The dread is potent and saturates the celluloid, constantly maneuvering through an ever-shifting and ethereal space where the film’s final destination is repeatedly shrouded and unattainable, a puzzle you’ll repeatedly attempt to solve until the realization sinks in that you have no idea where any of it is going to end up. Never framed with explicit malice, the imagery of the innocuous and vibrantly colored countryside is often shot with a warm and wide eye, feeling oddly comparable to the reverence with which Iranian cinema holds landscapes, further highlighting the impending terror as violence and dread quietly inserts itself in the corners of the frame. The cosmic isolation bears down as Harper moves through the town, the film’s motif of repetition slowly revealing itself as Rory Kinnear becomes the face of every man, whether a corrupted vicar, an abrasive cop, or a naked man covered in blisters and scars emerging from the woods.

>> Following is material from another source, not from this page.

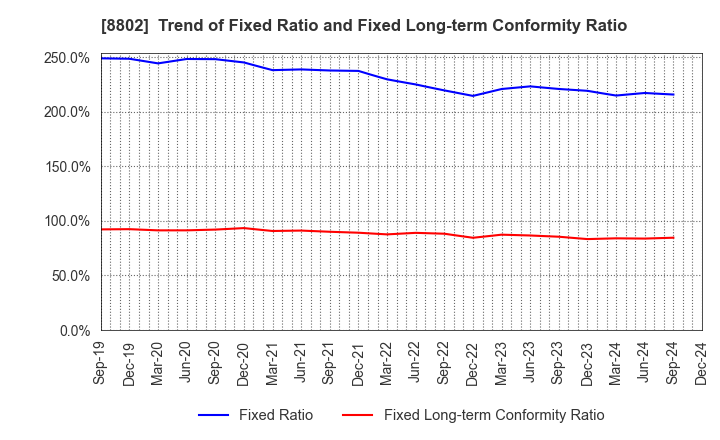 8802 Mitsubishi Estate Company,Limited: Trend of Fixed Ratio and Fixed Long-term Conformity Ratio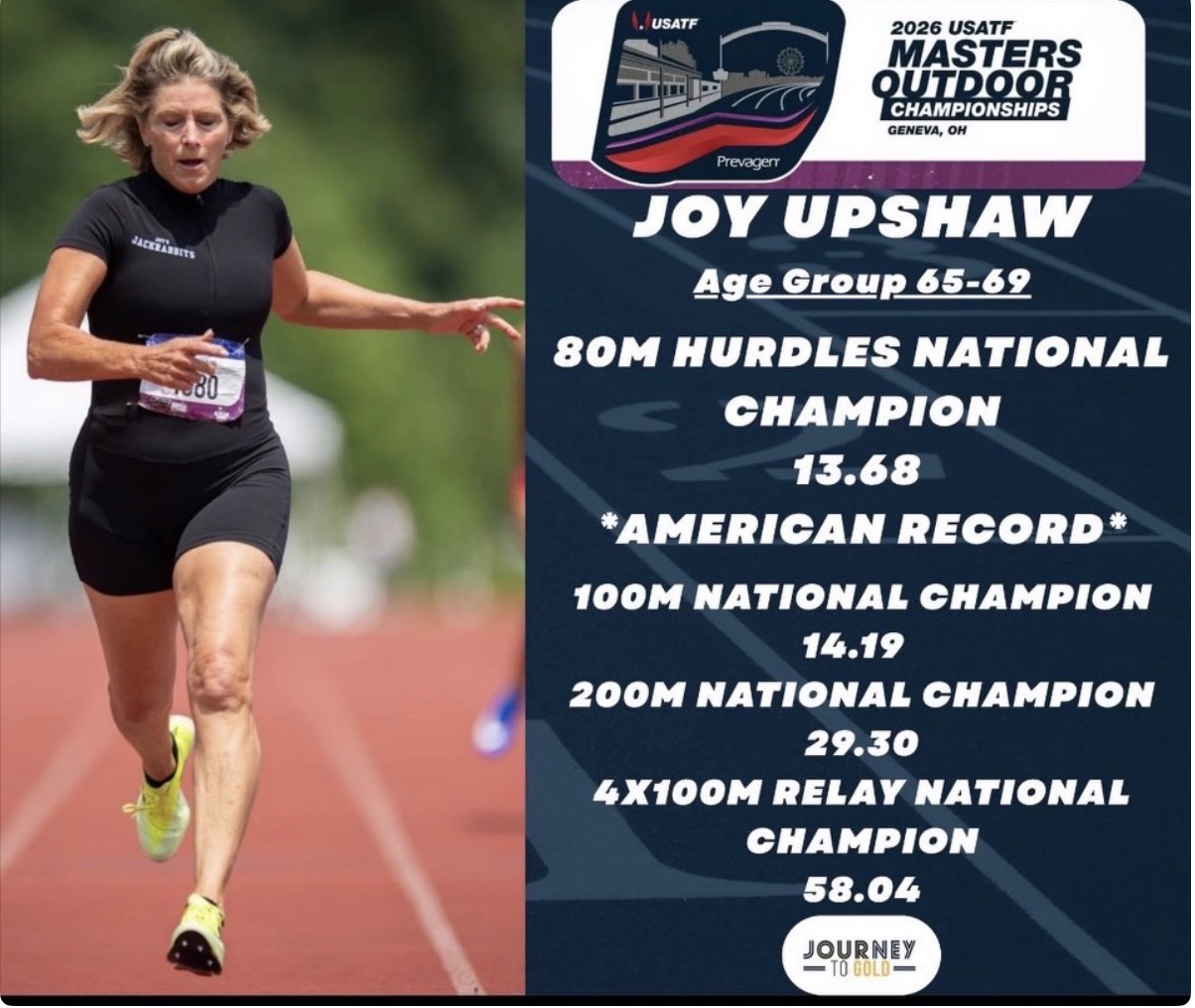 Joy Upshaw racing at the 2026 USATF Masters Outdoor Championships in Geneva, Ohio, beside her results: national champion in the 80m hurdles in 13.68, an American record, the 100m in 14.19, the 200m in 29.30, and the 4x100m relay in 58.04.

It’s all effectively circular, each of Harper’s experiences of increasing horrors feeding back into her internal battle wrestling with the final moments of James’ life, trying to free herself of the culturally imposed guilt that her actions drove his downfall in any way. As it winds itself up it never loses sight of returning to that final emotional resonance to close Harper’s personal arc, even within the cacophonic nightmare that is the film’s final act, an adrenaline-injected dose of pure insanity that nearly overpowers the rest of the film with its searing imagery. Through all the blood and madness, the thematic bluntness teeters back and forth between being obnoxiously on the nose and effectively straightforward, a hard line to walk that it never quite lands neatly on in either direction, and while its messaging is ultimately well stated it fails to offer anything of particular depth, often revelling in simple notions of the inescapable gravity of male-dominated spaces and the infinite death and rebirth of masculinity as a caustic and destructive force. It’s a frustrating contradiction, a supremely well crafted film with a weak foundation, from a voice that doesn’t belong in the conversation. Between the lines it certainly offers multitudes of avenues to unpack its rich mythological edges, but the surface isn’t quite sharp enough to sell that unpacking as worthwhile. Men may shout its statements full bore with no restraint, but it’s not additive or truly deconstructive, nothing more than an echo returning back to itself in a dark void.